The type of certificate and its validity depends on the source. Most authorities offer standard SSL certificates for free and charge a fee for EV SSL certificates if they provide them. Cloudflare offers free and paid plans and various additional options.
What to consider when obtaining an SSL certificate?
Here Google recommends a certificate with a 2048-bit key. If you already have a 1024-bit certificate that is weaker, it recommends updating it.
You will need to decide whether you need one, several domains or a group certificate:
- One certificate will be used for one domain (for example, www.example.com).
- A multi-domain certificate will be used for several well-known domains (for example, www.example.com, cdn.example.com, example.co.uk).
- The wildcard certificate will be used for the secure domain with many dynamic subdomains (e.g. a.example.com, b.example.com).
How to install SSL certificate?
Your web host can install the certificate for free or for a fee. Some hosts actually have the option of installing Let's Encrypt in their cPanel account, which simplifies the work. Ask your current host or find one that offers direct support for Let's Encrypt. If the host does not provide this service, your website service company or developer can install a certificate for you. You should be prepared for the fact that you will have to renew the certificate very often. Check the timeframe with the certificate.
What else needs to be done?
After receiving and installing the SSL certificate, you need to force the use of SSL on the site. Again, you can ask your web host, service company or developer to complete this action. However, if you prefer to do it yourself, and your site is powered by WordPress, you can do this by downloading, installing, and using the plugin. With the latter option, be sure to check compatibility with your version of WordPress.
Two popular plugins for forced use of SSL: a simple SSLWP, a forced SSLSSL plugin. Be sure to back up your site and be very careful when doing this.
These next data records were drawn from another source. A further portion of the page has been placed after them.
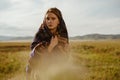 Mysterious girl in an ethnic cape anxiously looks at the camera, sitting in the grass in a field, in the steppes against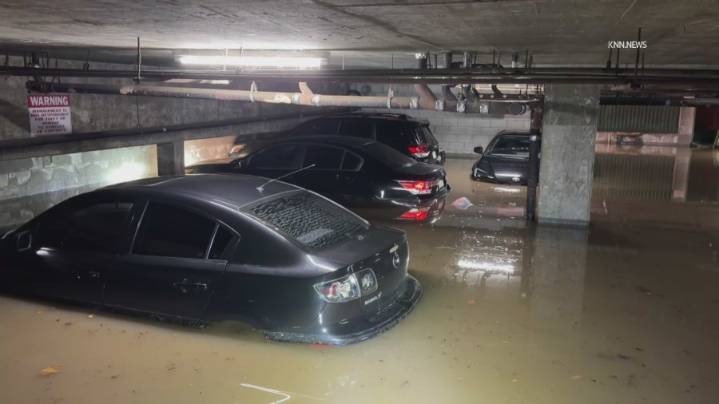 Heavy rain floods underground Palms garage, submerging a dozen cars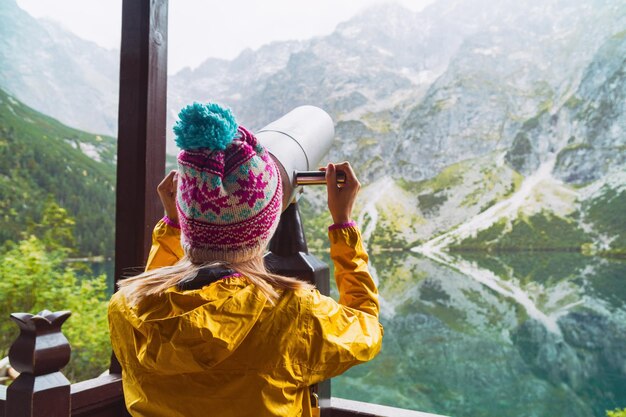 Young blond hair woman wearing yellow jacket purple and blue cap looking through a coin operated binoculars on mountains and lake Copy space rear view background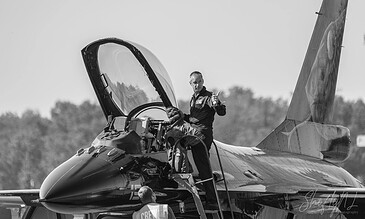Close-up of a pilot standing on a fighter jet, ready for flight, with a clear sky and distant trees in the background. Aero pilot preparing a fighter jet for takeoff on a clear day.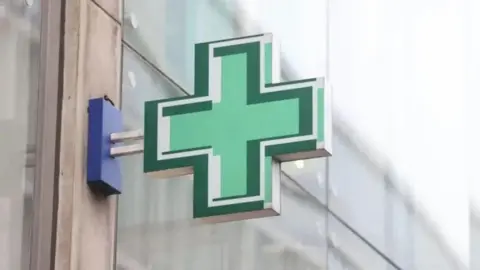 PA Media Green cross sign outside pharmacy window
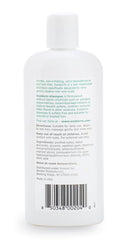 Exederm bottle next to hand showing 8 fl oz size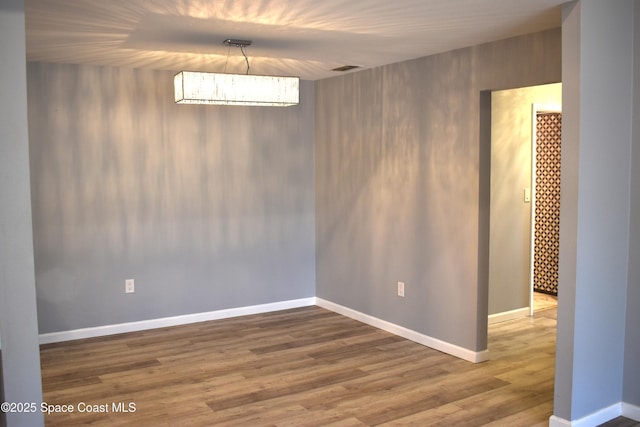 unfurnished dining area with hardwood / wood-style floors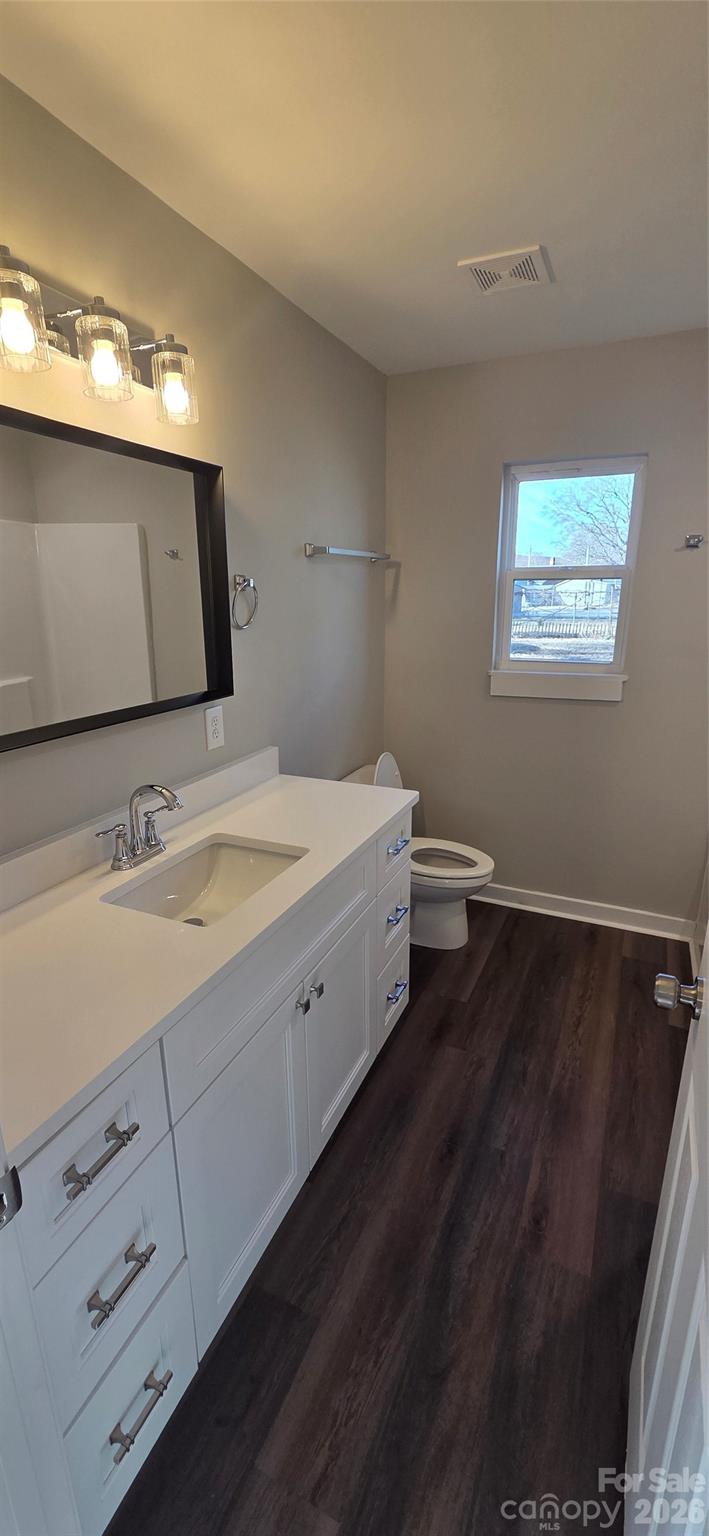513 Lincolnton Road Salisbury, NC 28144 - Photo 10 of 11 a spacious bathroom with a double vanity sink and a mirror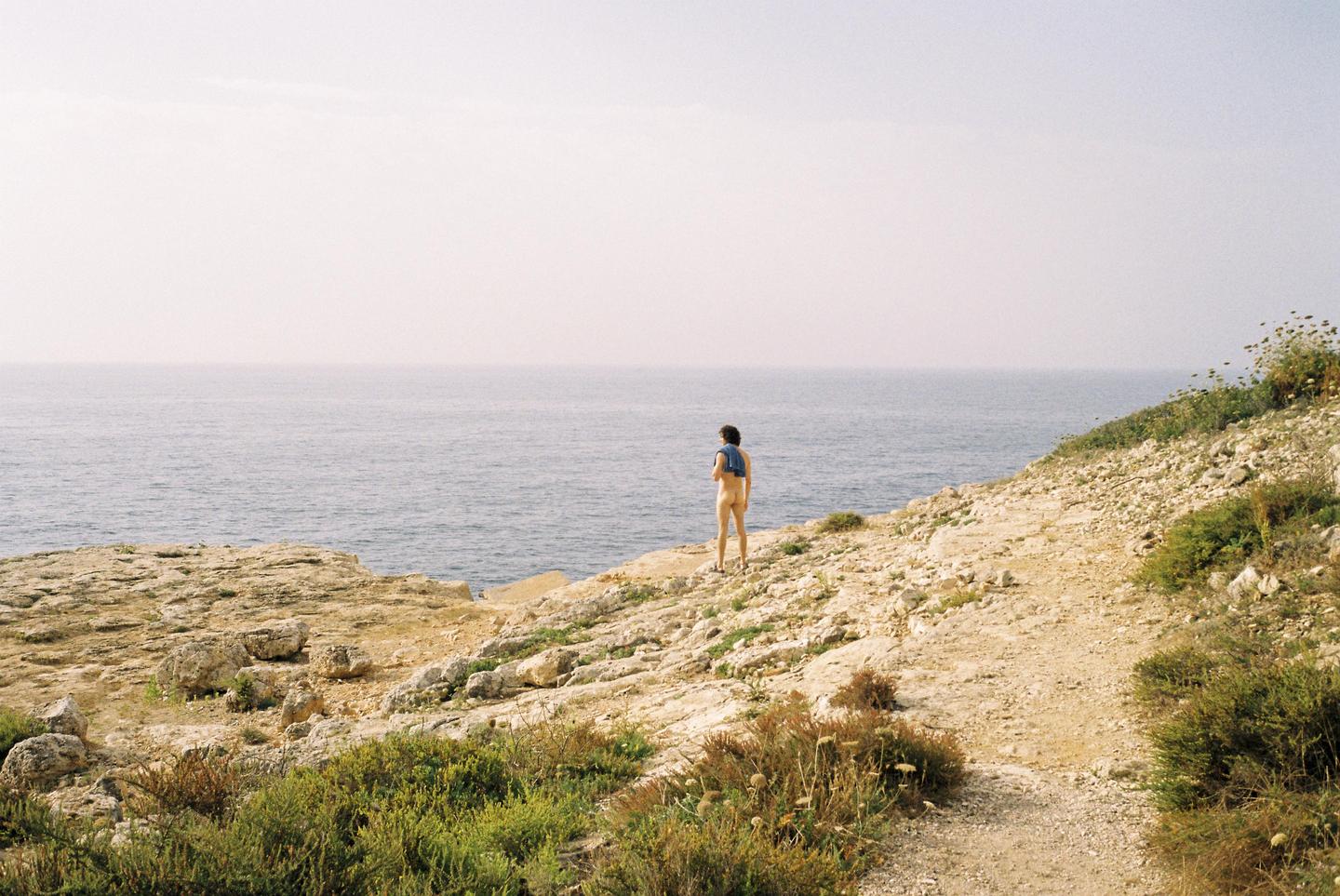 A person stands on a rocky cliff overlooking the ocean.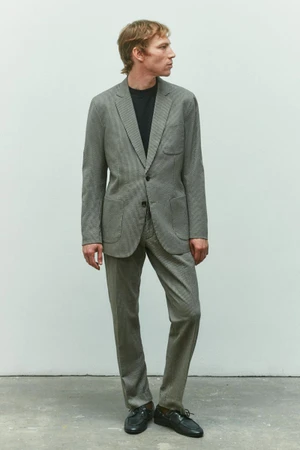 Model Mike Vasilakis wearing a grey tailored suit and black crewneck shirt against a neutral studio backdrop for Rag & Bone menswear.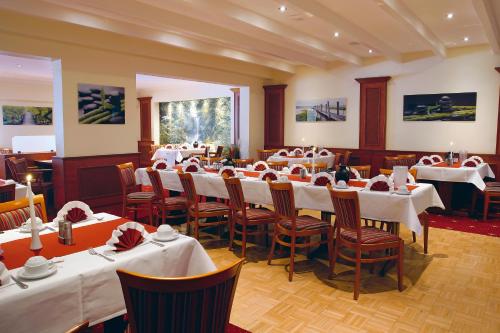 a dining room with white tables and chairs at AVALON Hotelpark Königshof in Königslutter am Elm
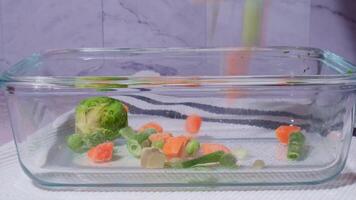Falling Frozen mixed vegetables in glass container for long-term storage. Stocking up vegetables for winter storage. Deep freezing of vegetables. defrosting Assortment of frozen vegetables video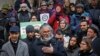FILE - Ravi Ragbir, center, a citizen of Trinidad and Tobago and executive director of the New Sanctuary Coalition of New York City, speaks during a press conference held on his behalf as he fights deportation, Jan. 31, 2018, at New York City Hall. 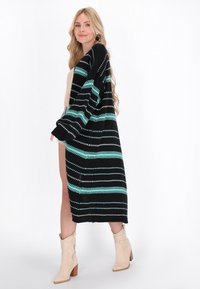 Musta ja turkoosi raidoitettu pitkä kardigan, jossa avoin etuosa, kevyt neulostekstuuri ja leveät hihat. Päällä beige paita.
If you configure something incorrectly, this can have dire consequences: visitors will not be able to see your site, images will not be displayed, scripts will not load, which will affect how some things on your site function, for example, typography and colors are not displayed properly way.
You need to redirect users and search engines to HTTPS pages using 301 redirects in the .htaccess file in the root folder on the server. The .htaccess file is an invisible file, so make sure your FTP program is set up to show hidden files. In FileZilla, for example, go to Server> Force Hidden Files. FileZillaBefore, before adding redirects, it would be nice to back up the .htaccess file. On the server, rename the file temporarily, deleting the period (which makes it invisible in the first place), download the file (which will now be visible on your computer as a result of deleting the period), then add the period back to that on the server.
Change Analytics Settings
After completing these steps, you need to change the preferred URL in your Analytics account to display the HTTPS version of your domain. Otherwise, the statistics of your traffic will be disabled, because the version of the HTTP URL is perceived as a completely different site from the version of the HTTPS certificate. The Google Search Console treats HTTP and HTTPS as separate domains as well, so add an HTTPS domain account to it. Remember, when you switch from HTTP to HTTPS certificate, if your site has special access buttons, the counter will be reset.